Questa marea umana risentita si infrange quotidianamente sugli scogli delle case editrici, elevando disperate lamentazioni. I loro libri sono sempre immancabilmente dei capolavori, e gli editori dei cialtroni irrispettosi, dei venditori di caciotte ai quali è toccato il compito di Giudicare il lavoro dello scrittore.

Quindi: tanti manoscritti, uno per ogni aspirante scrittore. Ma questi libri meritano di essere pubblicati? In verità no, nessuno di essi. La verità è che ci sono troppi libri, ne siamo pieni. Voi li avete letti tutti i libri che sono stati pubblicati? Oppure, come me, avete a casa una pila di «libri da leggere»? Quante foreste devono ancora essere sacrificate sull’altare dell’ego?

Gli editori a pagamento assolvono una funzione sociale, sono un calmiere psichiatrico a quella che – di fatto – è una sorta di psicosi di massa. Sono anche personaggi un po’ così, che approfittano della vanità altrui. Ma di certo non sono ladri, non «costringono» nessuno a pagare per veder stampato il proprio libro.

Ci sono troppi libri. E fanno pure schifo. E quelli che non vengono pubblicati fanno ancora più schifo. I tre libri più venduti in questo momento sono: Le prime luci del mattino, di Fabio Volo; Tre atti e due tempi, di Giorgio Faletti; L’educazione delle fanciulle, di Luciana Litizzetto. Vi sembrano particolarmente significativi? Irrinunciabili? Qualcosa che cambierà il modo che ha la gente di vedere il mondo?
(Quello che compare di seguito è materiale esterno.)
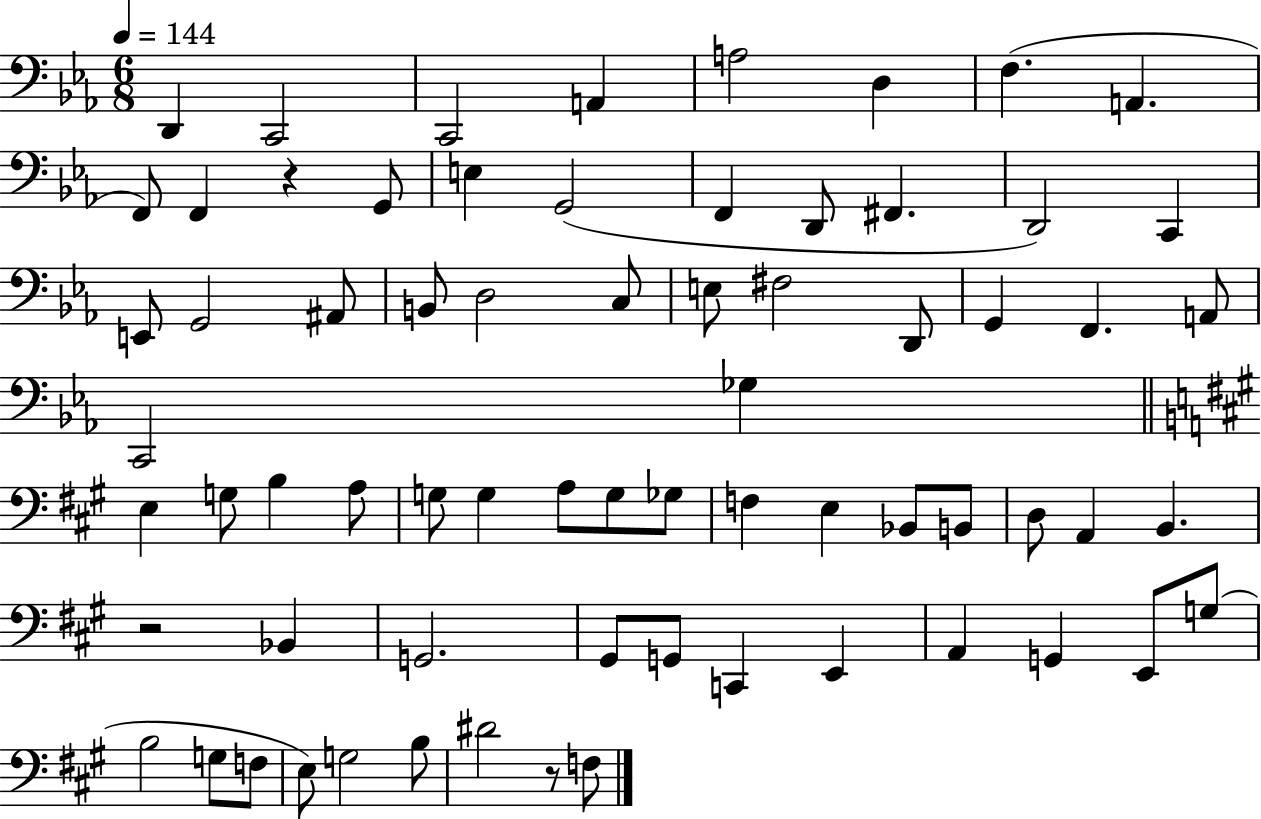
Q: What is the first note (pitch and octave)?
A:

Resteranno tra cento anni?

I libri hanno assolto storicamente una funzione di grande importanza: la trasmissione delle conoscenze umane. Dalle tavolette di argilla ai rotoli di papiro a Gutemberg l’obiettivo è sempre stato quello. Poi, nel Novecento, è nata l’industria editoriale. È tempo di dire che il Novecento è finito, che il libro diventerà finalmente digitale e che la conoscenza umana si trasmetterà di hard disk in hard disk. Anche perché un libro digitale lo possono pubblicare davvero tutti – e gratis.

Adesso un finale: propongo una moratoria alla pubblicazione di nuovi libri. Iniziamo a scoprire ciò che di bello è stato pubblicato nel corso del tempo. Smettiamola di inquinare la sfera culturale. È come con la caccia, a un certo punto ci si è resi conto che era un’inutile mattanza, e chi voleva vivere «l’esperienza» ha scoperto il birdwatching. Inventiamoci il bookwatching, sempre meglio che il print-on-demand, sempre meglio di Fabio Volo, sempre meglio di queste infinite lagne e di questi piagnistei. Non solo il tuo libro non lo vuole pubblicare nessuno, non solo fa proprio schifo, ma inquina pure, inquina te e chi ti sta intorno e devia il dibattito culturale. Abbandoniamo i contenitori, riprendiamoci i contenuti.